Venezia è stata spesso e volentieri definita come una città misteriosa, dai molteplici significati e simbologie nascoste, tutte da decifrare.
Luogo di commercio, da cui i mercanti partivano verso le rotte orientali, ancora oggi conserva iconografie che riuniscono diverse culture.
Venezia può quindi essere paragonata a un libro aperto, con tante pagine ancora da comprendere e decifrare.

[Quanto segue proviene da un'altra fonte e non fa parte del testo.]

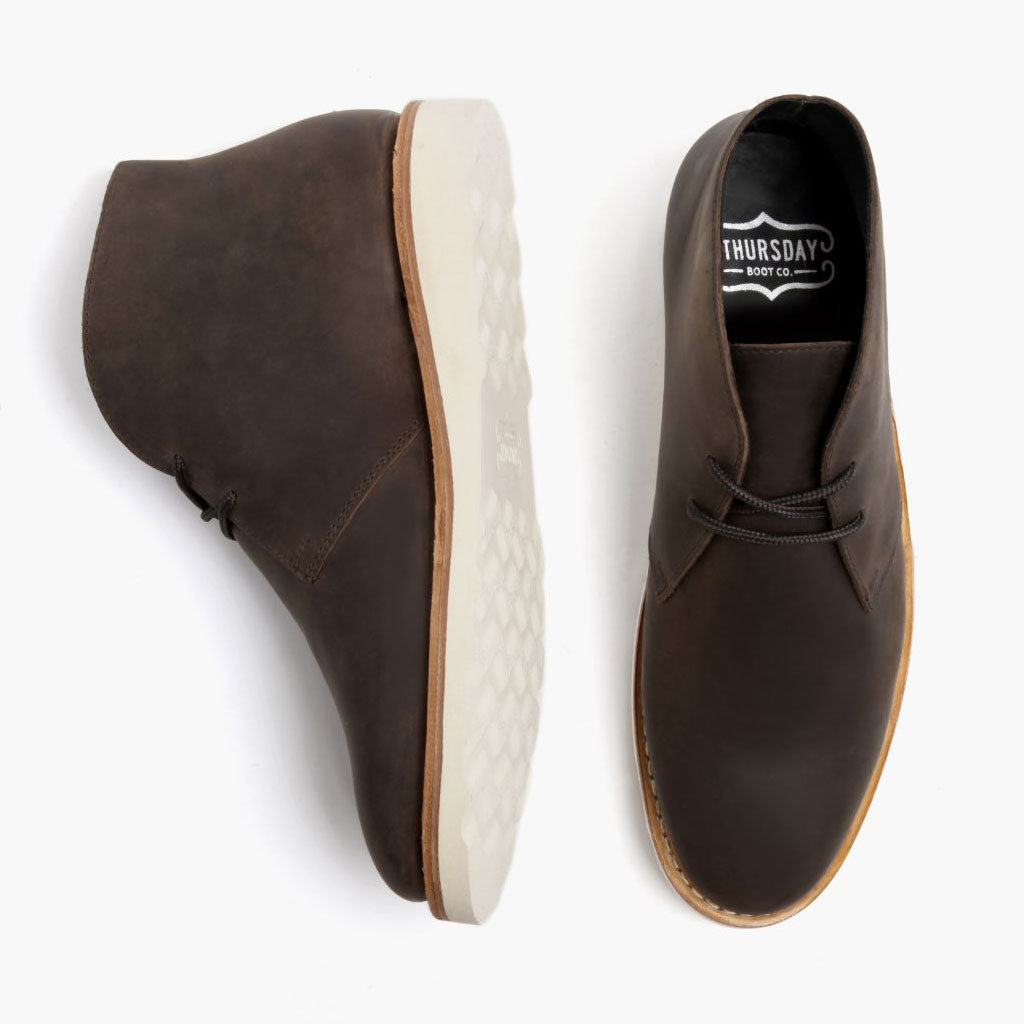 Scout Tabaco Botas de cuero para Hombre For Men - Contrafuerte de talón reforzado y doble costura de precisión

E tra le tante storie che ancora non sono state raccontate, c’è quella della Basilica di San Marco e del suo portale maggiore, ricco d’arte ma che, se letto da un’altra prospettiva, svela un ciclo astronomico risalente al 1200.

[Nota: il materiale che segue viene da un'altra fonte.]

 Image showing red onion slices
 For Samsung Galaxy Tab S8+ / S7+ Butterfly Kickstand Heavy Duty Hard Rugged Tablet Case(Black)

A confermare questa tesi, frutto di un’approfondita ricerca, è stata la professoressa Gloria Vallese, docente all’Accademia di Belle Arti della città lagunare, in occasione di una conferenza tenuta lo scorso mercoledì 11 ottobre, nell’ambito dei “Mercoledì di San Rocco”, organizzati alla Scuola Grande di San Rocco a Venezia.
Un fatto che, da un certo punto di vista, non sorprende, se si fa un passo indietro in un’epoca dove i mezzi erano nettamente inferiori a quelli odierni.
Una Venezia dove l’attenzione alle stelle era speciale, con la popolazione letteralmente “col naso all’insù” e una conoscenza del ciclo lunare nettamente superiore a quella odierna, sfruttata dai veneziani per le proprie esigenze di mercanti.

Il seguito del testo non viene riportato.